- What you are asked to do
From the entries below, extract every line that includes the word "with".
### Excerpted records ###
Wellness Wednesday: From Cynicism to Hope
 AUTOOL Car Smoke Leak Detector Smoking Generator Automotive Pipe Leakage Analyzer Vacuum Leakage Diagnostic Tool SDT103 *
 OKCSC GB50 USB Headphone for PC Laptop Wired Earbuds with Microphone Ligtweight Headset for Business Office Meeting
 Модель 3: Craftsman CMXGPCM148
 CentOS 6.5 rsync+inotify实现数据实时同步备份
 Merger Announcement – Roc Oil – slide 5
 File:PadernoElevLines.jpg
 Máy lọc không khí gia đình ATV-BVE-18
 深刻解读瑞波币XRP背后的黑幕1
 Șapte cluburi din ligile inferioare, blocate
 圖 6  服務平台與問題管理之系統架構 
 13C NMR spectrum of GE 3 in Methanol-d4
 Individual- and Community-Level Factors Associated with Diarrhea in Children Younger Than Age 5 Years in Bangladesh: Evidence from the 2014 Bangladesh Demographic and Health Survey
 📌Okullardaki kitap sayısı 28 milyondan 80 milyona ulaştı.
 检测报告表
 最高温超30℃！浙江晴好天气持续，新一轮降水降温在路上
###
- Answer for this exercise
 OKCSC GB50 USB Headphone for PC Laptop Wired Earbuds with Microphone Ligtweight Headset for Business Office Meeting
 Individual- and Community-Level Factors Associated with Diarrhea in Children Younger Than Age 5 Years in Bangladesh: Evidence from the 2014 Bangladesh Demographic and Health Survey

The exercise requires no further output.